A. I am sorry to hear about your mother. It’s difficult to say what is going on with her. The symptoms you describe do not seem related to depression but more related to some kind of psychosis. Something had to have triggered these symptoms you are describing. Physical causes MUST be ruled out before we should consider psychological factors. The hysterectomy may have resulted in a severe hormonal shift. A mild stroke or brain tumor are other possible physical causes. A reaction to medication is also a possible cause. It’s plausible that her recent physical problems and operation contributed to this recent breakdown in non-physical ways. It seems that some people are more vulnerable to stress than others. Sometimes physical problems can cause enough stress to a person that a breakdown occurs. I am familiar with a case of a woman who had a psychotic breakdown right after a hysterectomy. She actually went on to have many future breakdowns after her first one, but that was because she refused to take her medication. Left on her own to take the medication, she did not take it because she did not think she needed it. It was not until she was pushed to take her medication by her family that she stopped having psychotic episodes.
What’s good is that she is admitted to the hospital where she is safe and can be treated for these psychotic symptoms. It is important that you and your family try and work with her doctors to find out more about what they think contributed to her breakdown and how you can help her take her medication. Her treating doctors should have more insight into what is going on and how best to treat it. Because it sounds more like a psychotic breakdown and not depression, having her take the medication at this point is probably the best way for her to return to her normal level of functioning.
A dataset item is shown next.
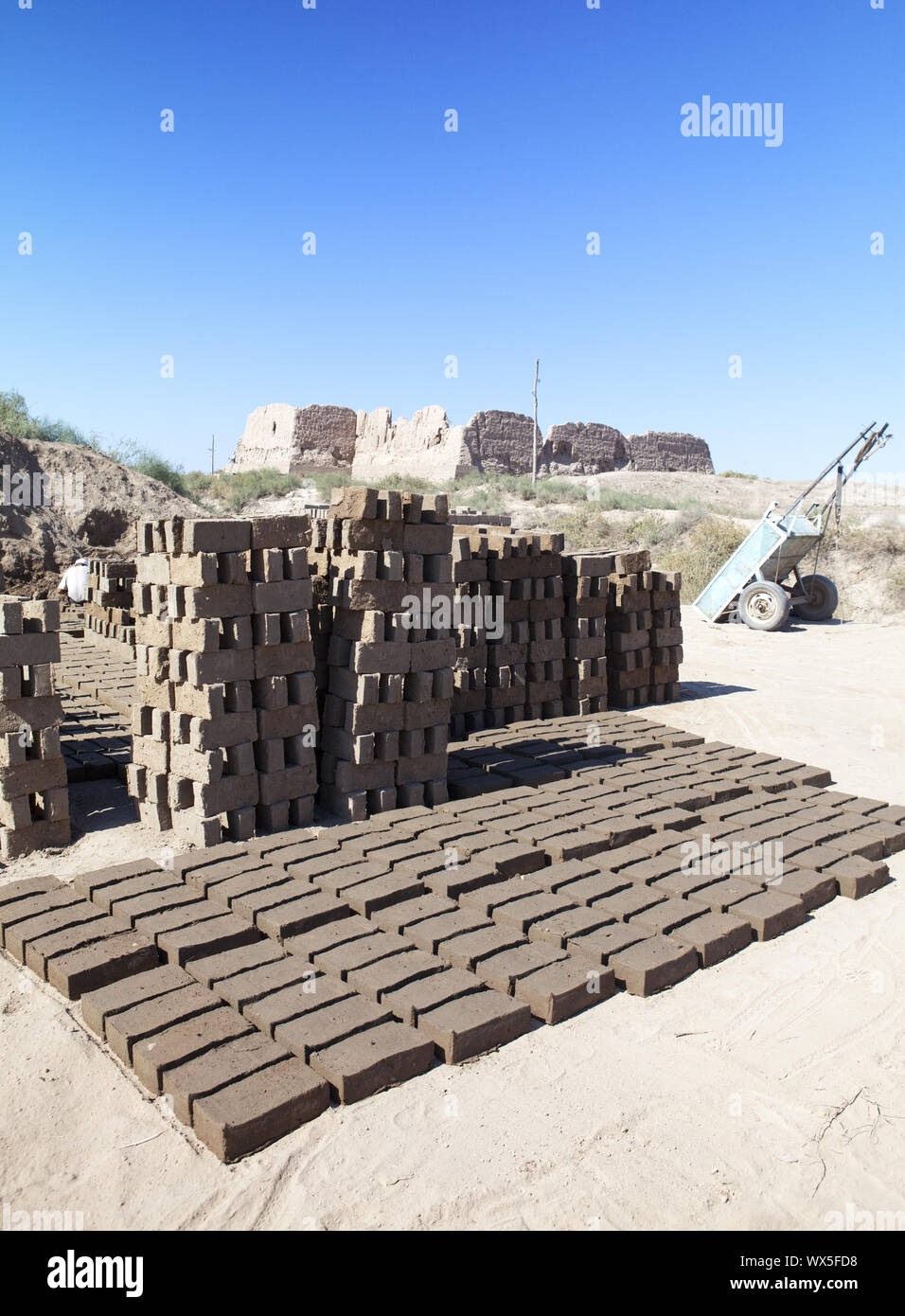 repair of ancient fortress Kyzyl-kala in Kyzylkum Desert, Uzbekistan Stock Photo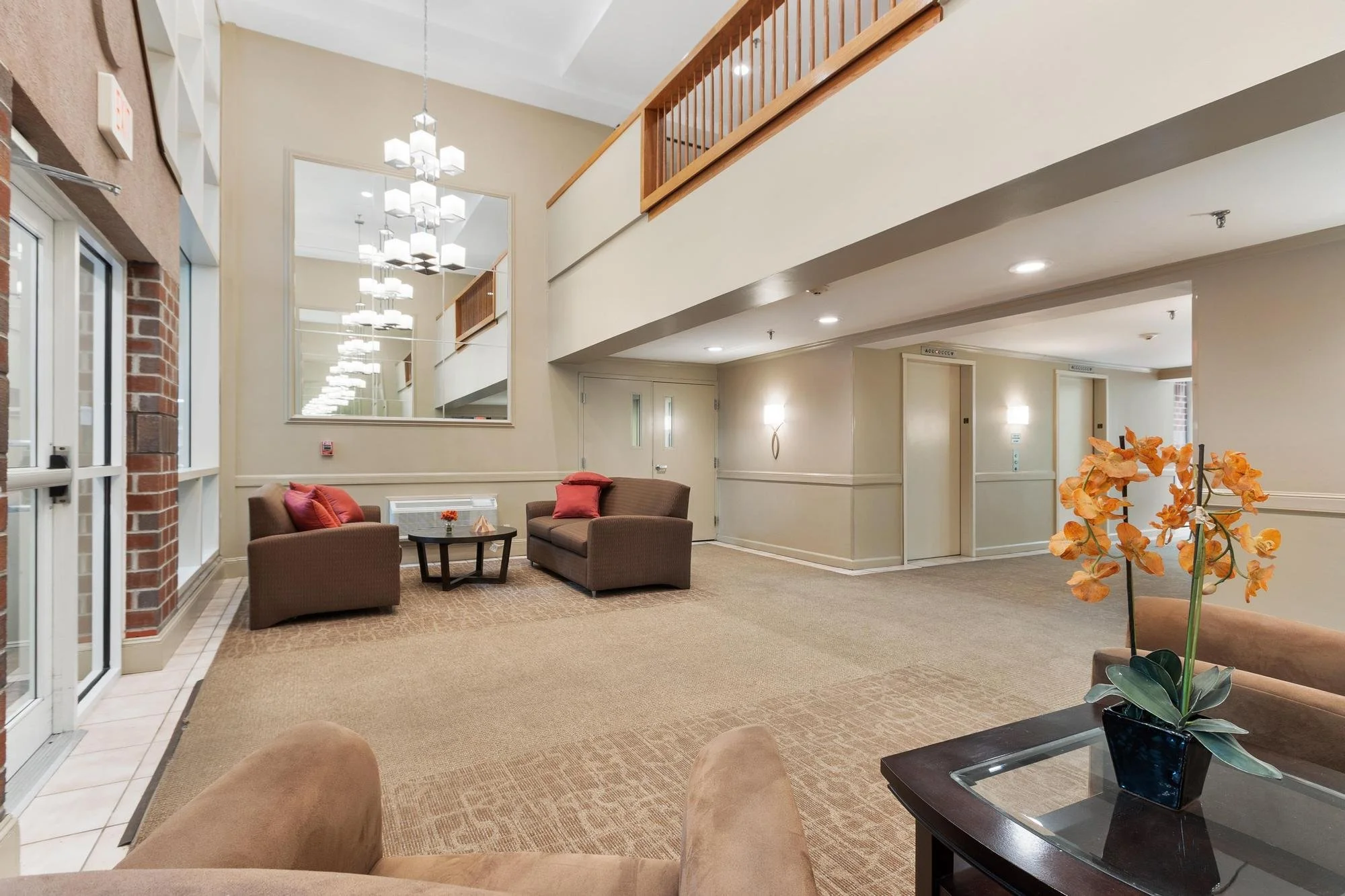 Lobby or waiting area with beige carpet, brown armchairs with red pillows, a small black round table with a flower, wall sconces, a large mirror, a flower arrangement with orange orchids on a glass table, beige walls, and wooden railing on the upper level.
Since I do not have all of the facts, I am not sure what did happen to your mother. I cannot say if she will return back to normal or if she will stay this way. From what you describe, it sounds like she had a psychotic breakdown. The best treatment for psychosis is antipsychotic medications. I would recommend that you work closely with her doctors and find a way to help her take her medications so she can return back to herself and prevent any future breakdowns. If this is in fact a psychotic breakdown, it’s not uncommon that the person will refuse medication and fight about wanting to take it. Unfortunately, when they do stop with the medication, the person relapses and ends up back in the hospital. Research also posits that psychotic breakdowns cause brain damage. The most important way you can help is to make sure she finds a medication that can help her return back to normal and prevent future relapse and damage to the brain. Work with her doctors and social workers closely and ask many questions. I do wish you the best of luck.